• [Brief]
Pictures stay out; everything else in the records is to be copied exactly.

═════ Data under study ═════

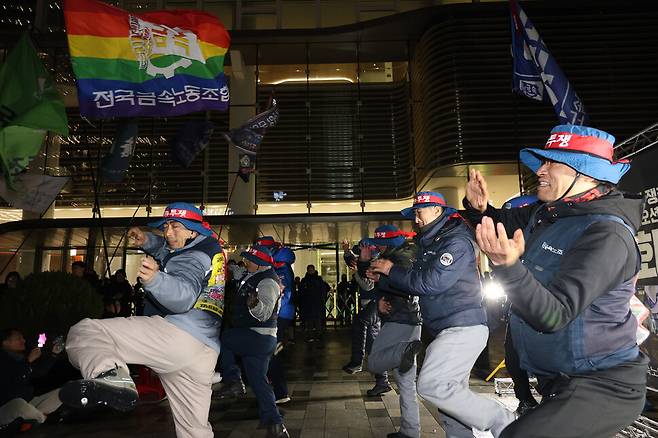 무지갯빛 금속노조 깃발 아래서 조선하청지회 조합원들이 춤추고 있다.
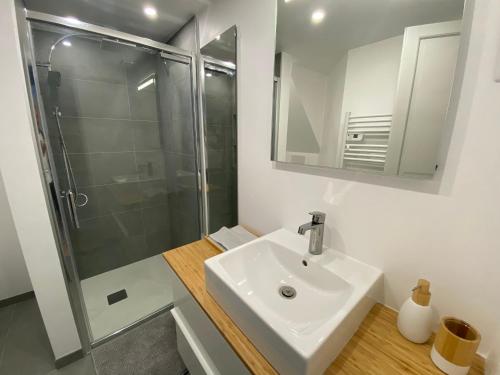 a white bathroom with a sink and a shower at Maison « Shaka » in Capbreton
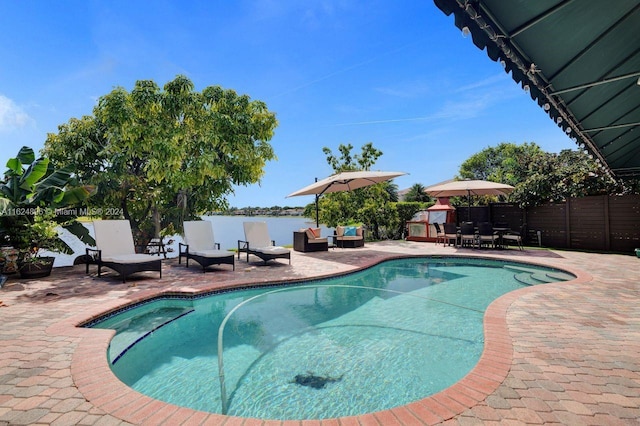 view of swimming pool with a patio area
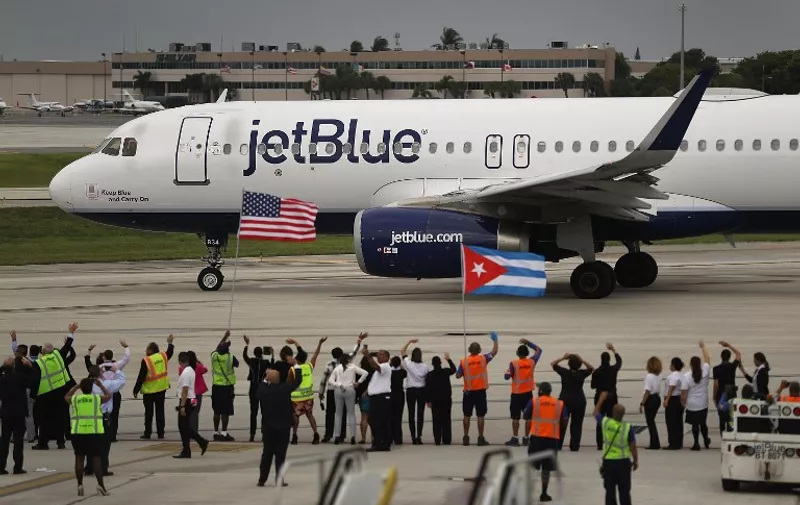 FORT LAUDERDALE, FL - AUGUST 31: Workers and officials watch as JetBlue Flight 387 prepares for take off as it becomes the first scheduled commercial flight to Cuba since 1961 on August 31, 2016 in Fort Lauderdale, Florida. JetBlue which hopes to have as many as 110 daily flights is the first U.S. airline to resume regularly scheduled airline service under new rules allowing Americans greater access to Cuba.   Joe Raedle/Getty Images/AFP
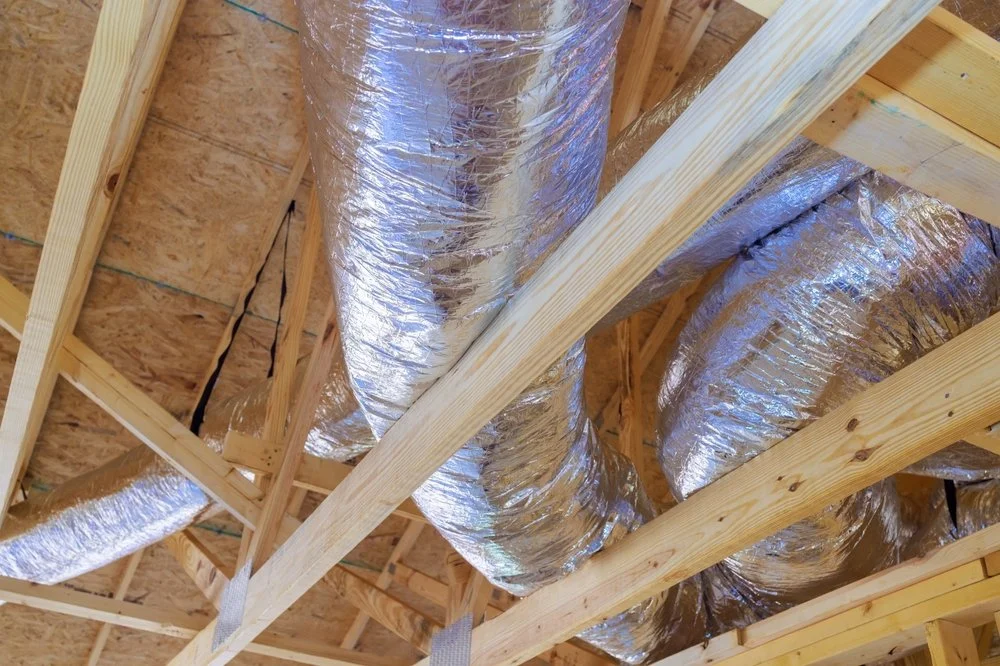 Insulation ducts installed in a building's ceiling framing, covered with reflective silver insulation material.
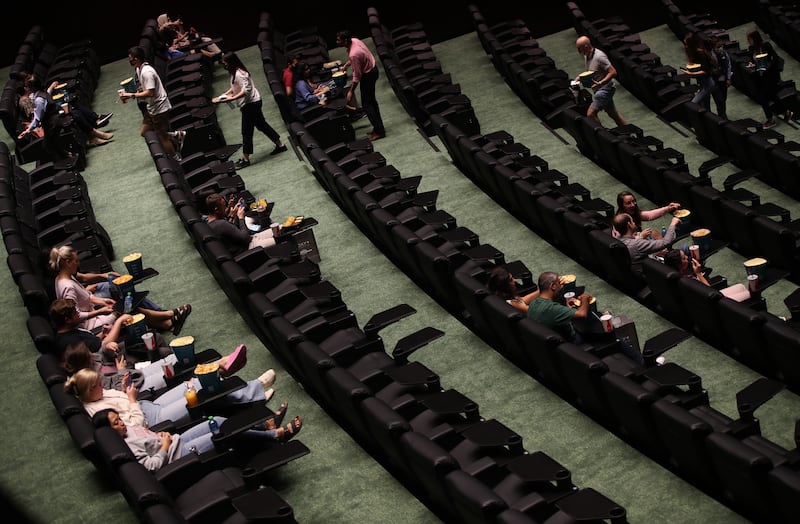 Filmgoers get comfortable for their movie at Roxy Xtreme in Dubai. It will be shown on a screen measuring 423 square metres, or 28 metres by 15. 1 metres. That’s about twice the size of a tennis court.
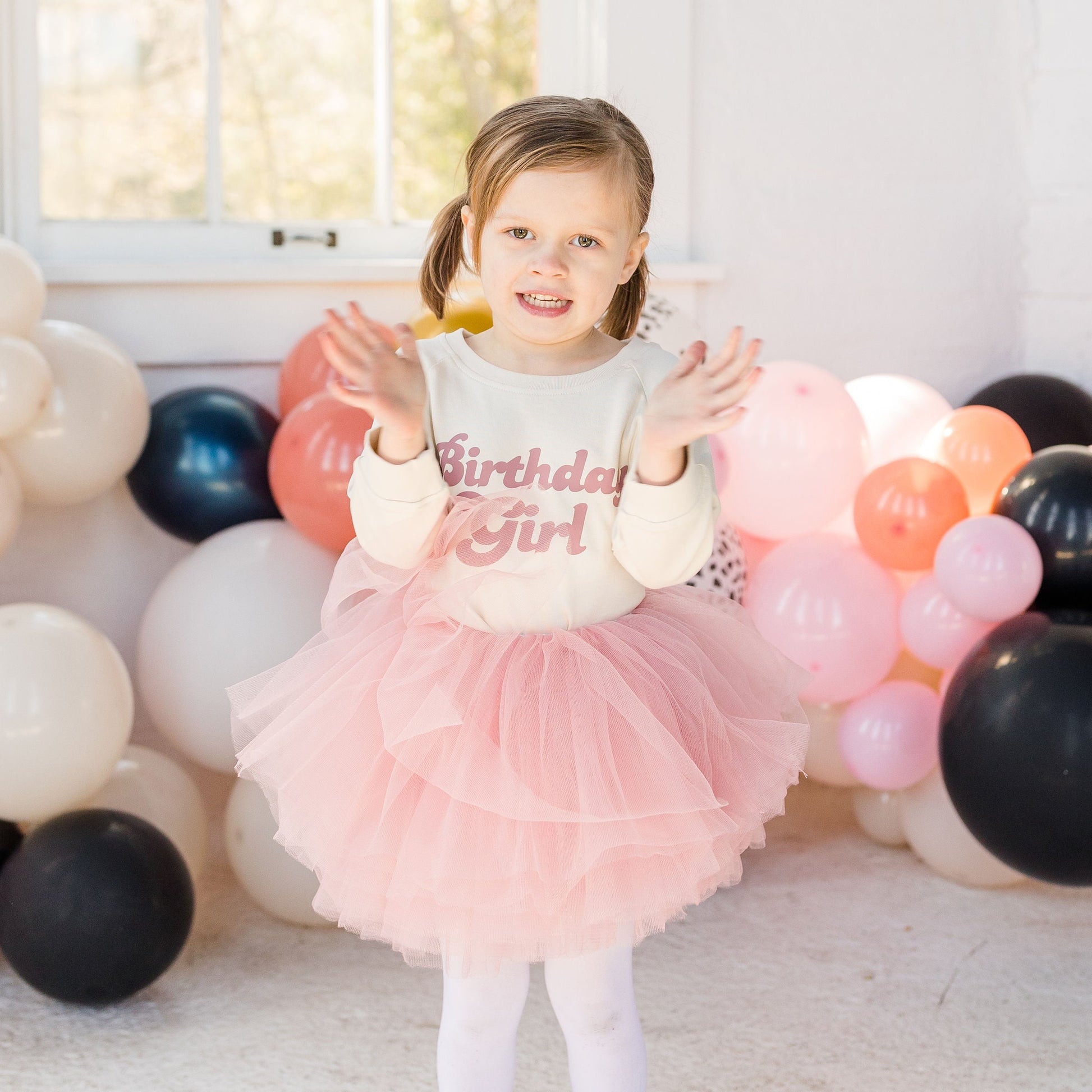 Child in a pink tutu and birthday shirt surrounded by balloons indoors.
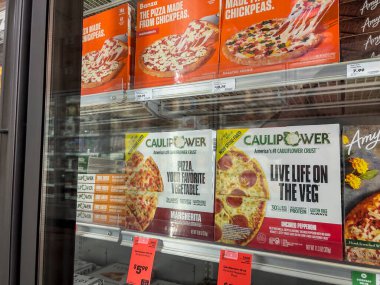 Mill Creek, WA USA - Mayıs 2022: Bir kasaba ve ülke pazarının dondurucu bölümünde satılık çeşitli dondurulmuş pizzaların açılı görünümü.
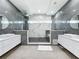 Elegant bathroom with dual vanities, walk-in shower with rainfall head, and sleek modern design for a spa-like experience at 2522 Lafayette Ave, Winter Park, FL 32789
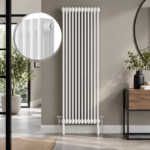 White 3-column vertical radiator installed in a modern living room or hallway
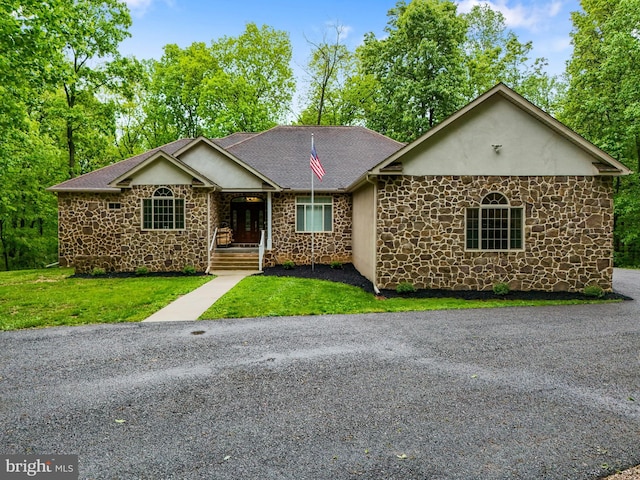 1982 Whyte Ln, Spring Grove, PA 17362 - view of front facade featuring stone siding, a front lawn, a shingled roof, and stucco siding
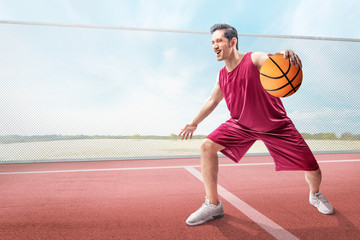 Poster - Cheerful asian basketball player man in action with the ball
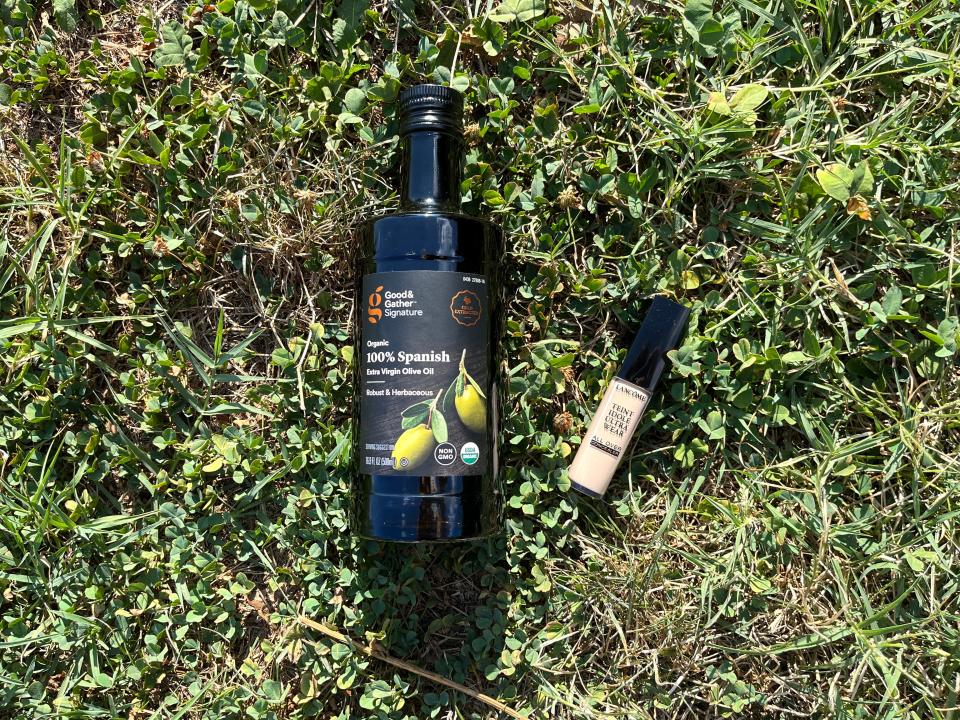 A bottle of olive oil and a tube on concealer laying in the grass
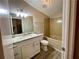 Bathroom features a new vanity with stone top, and tiled bathtub at 5806 Par Four Ct, Lithonia, GA 30038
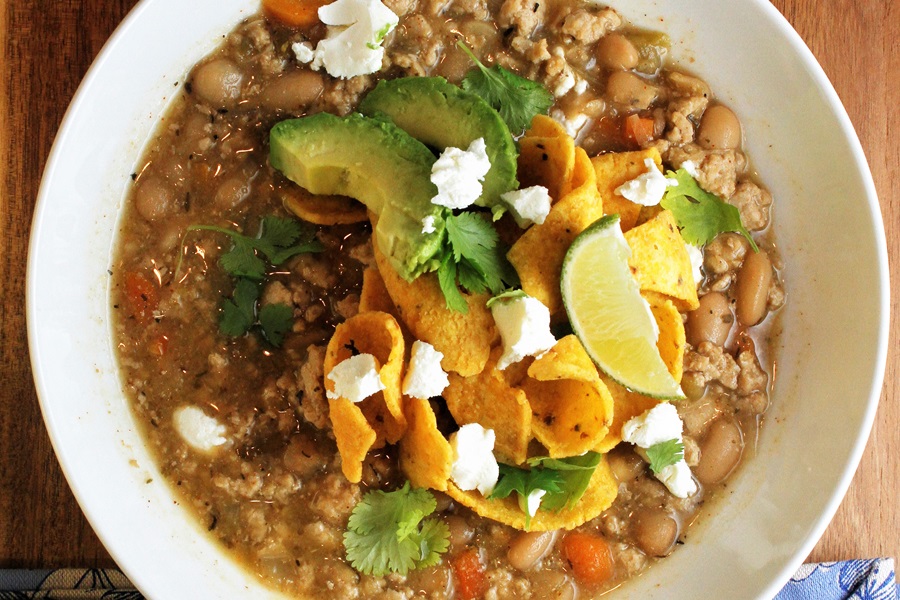 Crockpot Ground Chicken Chili Recipe Overhead View of a Bowl of Chili Topped with Avocado Slices, Frito Chips, and a Lime Wedge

═════

• [Solution to this exercise]
 무지갯빛 금속노조 깃발 아래서 조선하청지회 조합원들이 춤추고 있다.
 a white bathroom with a sink and a shower at Maison « Shaka » in Capbreton
 view of swimming pool with a patio area
 FORT LAUDERDALE, FL - AUGUST 31: Workers and officials watch as JetBlue Flight 387 prepares for take off as it becomes the first scheduled commercial flight to Cuba since 1961 on August 31, 2016 in Fort Lauderdale, Florida. JetBlue which hopes to have as many as 110 daily flights is the first U.S. airline to resume regularly scheduled airline service under new rules allowing Americans greater access to Cuba.   Joe Raedle/Getty Images/AFP
 Insulation ducts installed in a building's ceiling framing, covered with reflective silver insulation material.
 Filmgoers get comfortable for their movie at Roxy Xtreme in Dubai. It will be shown on a screen measuring 423 square metres, or 28 metres by 15. 1 metres. That’s about twice the size of a tennis court.
 Child in a pink tutu and birthday shirt surrounded by balloons indoors.
 Mill Creek, WA USA - Mayıs 2022: Bir kasaba ve ülke pazarının dondurucu bölümünde satılık çeşitli dondurulmuş pizzaların açılı görünümü.
 Elegant bathroom with dual vanities, walk-in shower with rainfall head, and sleek modern design for a spa-like experience at 2522 Lafayette Ave, Winter Park, FL 32789
 White 3-column vertical radiator installed in a modern living room or hallway
 1982 Whyte Ln, Spring Grove, PA 17362 - view of front facade featuring stone siding, a front lawn, a shingled roof, and stucco siding
 Poster - Cheerful asian basketball player man in action with the ball
 A bottle of olive oil and a tube on concealer laying in the grass
 Bathroom features a new vanity with stone top, and tiled bathtub at 5806 Par Four Ct, Lithonia, GA 30038
 Crockpot Ground Chicken Chili Recipe Overhead View of a Bowl of Chili Topped with Avocado Slices, Frito Chips, and a Lime Wedge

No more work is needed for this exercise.